## [Task item]
Your answer must be the full set of records, repeated exactly.

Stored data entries
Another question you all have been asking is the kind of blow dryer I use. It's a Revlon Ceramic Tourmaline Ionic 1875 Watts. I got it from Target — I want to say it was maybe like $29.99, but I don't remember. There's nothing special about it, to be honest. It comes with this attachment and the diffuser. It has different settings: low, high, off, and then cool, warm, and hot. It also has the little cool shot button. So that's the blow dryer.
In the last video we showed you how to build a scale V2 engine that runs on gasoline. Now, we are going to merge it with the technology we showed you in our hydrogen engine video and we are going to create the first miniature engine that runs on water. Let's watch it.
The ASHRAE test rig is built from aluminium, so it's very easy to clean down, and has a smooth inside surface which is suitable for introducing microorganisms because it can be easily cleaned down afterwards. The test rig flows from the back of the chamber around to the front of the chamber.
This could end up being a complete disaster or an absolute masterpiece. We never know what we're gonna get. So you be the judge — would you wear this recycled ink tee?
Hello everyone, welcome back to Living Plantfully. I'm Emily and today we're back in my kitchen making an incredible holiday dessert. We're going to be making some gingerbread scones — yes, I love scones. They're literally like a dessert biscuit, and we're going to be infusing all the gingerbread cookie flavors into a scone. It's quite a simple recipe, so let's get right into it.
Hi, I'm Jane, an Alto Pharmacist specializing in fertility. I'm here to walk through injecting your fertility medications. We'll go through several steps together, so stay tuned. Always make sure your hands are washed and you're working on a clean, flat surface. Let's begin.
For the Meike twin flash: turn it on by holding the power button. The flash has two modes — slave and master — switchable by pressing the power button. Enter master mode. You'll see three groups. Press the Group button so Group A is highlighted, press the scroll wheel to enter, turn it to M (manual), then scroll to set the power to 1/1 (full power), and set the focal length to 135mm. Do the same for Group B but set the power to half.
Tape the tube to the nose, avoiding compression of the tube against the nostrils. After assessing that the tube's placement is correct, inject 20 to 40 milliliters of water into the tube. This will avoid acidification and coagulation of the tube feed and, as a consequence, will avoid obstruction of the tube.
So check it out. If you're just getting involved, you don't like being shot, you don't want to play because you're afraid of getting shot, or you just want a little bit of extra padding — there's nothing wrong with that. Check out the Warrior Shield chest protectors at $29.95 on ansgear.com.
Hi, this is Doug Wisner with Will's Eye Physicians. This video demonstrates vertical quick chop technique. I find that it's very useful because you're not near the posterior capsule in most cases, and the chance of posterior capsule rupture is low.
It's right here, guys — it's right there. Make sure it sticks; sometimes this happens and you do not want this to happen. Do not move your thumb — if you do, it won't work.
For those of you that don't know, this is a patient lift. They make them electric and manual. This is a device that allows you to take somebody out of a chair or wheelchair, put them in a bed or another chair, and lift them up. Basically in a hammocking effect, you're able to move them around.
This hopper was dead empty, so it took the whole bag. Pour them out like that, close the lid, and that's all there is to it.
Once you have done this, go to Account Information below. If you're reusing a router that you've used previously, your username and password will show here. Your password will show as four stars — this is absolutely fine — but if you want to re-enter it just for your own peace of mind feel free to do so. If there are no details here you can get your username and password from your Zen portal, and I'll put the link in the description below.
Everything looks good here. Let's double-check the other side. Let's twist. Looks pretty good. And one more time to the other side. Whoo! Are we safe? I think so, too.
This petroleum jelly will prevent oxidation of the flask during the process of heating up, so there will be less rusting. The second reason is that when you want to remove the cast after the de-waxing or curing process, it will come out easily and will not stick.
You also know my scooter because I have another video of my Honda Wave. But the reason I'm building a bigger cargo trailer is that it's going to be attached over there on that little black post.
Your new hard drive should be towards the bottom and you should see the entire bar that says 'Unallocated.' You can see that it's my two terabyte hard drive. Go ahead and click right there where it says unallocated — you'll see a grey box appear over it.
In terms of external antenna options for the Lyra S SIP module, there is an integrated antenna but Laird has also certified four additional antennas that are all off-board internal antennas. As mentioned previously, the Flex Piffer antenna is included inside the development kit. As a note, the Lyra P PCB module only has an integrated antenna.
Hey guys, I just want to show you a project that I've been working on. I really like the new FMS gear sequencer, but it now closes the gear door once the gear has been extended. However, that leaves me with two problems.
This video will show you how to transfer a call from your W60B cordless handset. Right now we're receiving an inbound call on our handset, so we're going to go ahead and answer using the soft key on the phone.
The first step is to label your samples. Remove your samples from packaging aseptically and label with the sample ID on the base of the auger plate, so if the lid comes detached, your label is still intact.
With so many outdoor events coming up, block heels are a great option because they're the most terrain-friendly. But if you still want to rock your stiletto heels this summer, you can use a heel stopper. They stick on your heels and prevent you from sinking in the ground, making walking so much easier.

## [Reply]
Another question you all have been asking is the kind of blow dryer I use. It's a Revlon Ceramic Tourmaline Ionic 1875 Watts. I got it from Target — I want to say it was maybe like $29.99, but I don't remember. There's nothing special about it, to be honest. It comes with this attachment and the diffuser. It has different settings: low, high, off, and then cool, warm, and hot. It also has the little cool shot button. So that's the blow dryer.
In the last video we showed you how to build a scale V2 engine that runs on gasoline. Now, we are going to merge it with the technology we showed you in our hydrogen engine video and we are going to create the first miniature engine that runs on water. Let's watch it.
The ASHRAE test rig is built from aluminium, so it's very easy to clean down, and has a smooth inside surface which is suitable for introducing microorganisms because it can be easily cleaned down afterwards. The test rig flows from the back of the chamber around to the front of the chamber.
This could end up being a complete disaster or an absolute masterpiece. We never know what we're gonna get. So you be the judge — would you wear this recycled ink tee?
Hello everyone, welcome back to Living Plantfully. I'm Emily and today we're back in my kitchen making an incredible holiday dessert. We're going to be making some gingerbread scones — yes, I love scones. They're literally like a dessert biscuit, and we're going to be infusing all the gingerbread cookie flavors into a scone. It's quite a simple recipe, so let's get right into it.
Hi, I'm Jane, an Alto Pharmacist specializing in fertility. I'm here to walk through injecting your fertility medications. We'll go through several steps together, so stay tuned. Always make sure your hands are washed and you're working on a clean, flat surface. Let's begin.
For the Meike twin flash: turn it on by holding the power button. The flash has two modes — slave and master — switchable by pressing the power button. Enter master mode. You'll see three groups. Press the Group button so Group A is highlighted, press the scroll wheel to enter, turn it to M (manual), then scroll to set the power to 1/1 (full power), and set the focal length to 135mm. Do the same for Group B but set the power to half.
Tape the tube to the nose, avoiding compression of the tube against the nostrils. After assessing that the tube's placement is correct, inject 20 to 40 milliliters of water into the tube. This will avoid acidification and coagulation of the tube feed and, as a consequence, will avoid obstruction of the tube.
So check it out. If you're just getting involved, you don't like being shot, you don't want to play because you're afraid of getting shot, or you just want a little bit of extra padding — there's nothing wrong with that. Check out the Warrior Shield chest protectors at $29.95 on ansgear.com.
Hi, this is Doug Wisner with Will's Eye Physicians. This video demonstrates vertical quick chop technique. I find that it's very useful because you're not near the posterior capsule in most cases, and the chance of posterior capsule rupture is low.
It's right here, guys — it's right there. Make sure it sticks; sometimes this happens and you do not want this to happen. Do not move your thumb — if you do, it won't work.
For those of you that don't know, this is a patient lift. They make them electric and manual. This is a device that allows you to take somebody out of a chair or wheelchair, put them in a bed or another chair, and lift them up. Basically in a hammocking effect, you're able to move them around.
This hopper was dead empty, so it took the whole bag. Pour them out like that, close the lid, and that's all there is to it.
Once you have done this, go to Account Information below. If you're reusing a router that you've used previously, your username and password will show here. Your password will show as four stars — this is absolutely fine — but if you want to re-enter it just for your own peace of mind feel free to do so. If there are no details here you can get your username and password from your Zen portal, and I'll put the link in the description below.
Everything looks good here. Let's double-check the other side. Let's twist. Looks pretty good. And one more time to the other side. Whoo! Are we safe? I think so, too.
This petroleum jelly will prevent oxidation of the flask during the process of heating up, so there will be less rusting. The second reason is that when you want to remove the cast after the de-waxing or curing process, it will come out easily and will not stick.
You also know my scooter because I have another video of my Honda Wave. But the reason I'm building a bigger cargo trailer is that it's going to be attached over there on that little black post.
Your new hard drive should be towards the bottom and you should see the entire bar that says 'Unallocated.' You can see that it's my two terabyte hard drive. Go ahead and click right there where it says unallocated — you'll see a grey box appear over it.
In terms of external antenna options for the Lyra S SIP module, there is an integrated antenna but Laird has also certified four additional antennas that are all off-board internal antennas. As mentioned previously, the Flex Piffer antenna is included inside the development kit. As a note, the Lyra P PCB module only has an integrated antenna.
Hey guys, I just want to show you a project that I've been working on. I really like the new FMS gear sequencer, but it now closes the gear door once the gear has been extended. However, that leaves me with two problems.
This video will show you how to transfer a call from your W60B cordless handset. Right now we're receiving an inbound call on our handset, so we're going to go ahead and answer using the soft key on the phone.
The first step is to label your samples. Remove your samples from packaging aseptically and label with the sample ID on the base of the auger plate, so if the lid comes detached, your label is still intact.
With so many outdoor events coming up, block heels are a great option because they're the most terrain-friendly. But if you still want to rock your stiletto heels this summer, you can use a heel stopper. They stick on your heels and prevent you from sinking in the ground, making walking so much easier.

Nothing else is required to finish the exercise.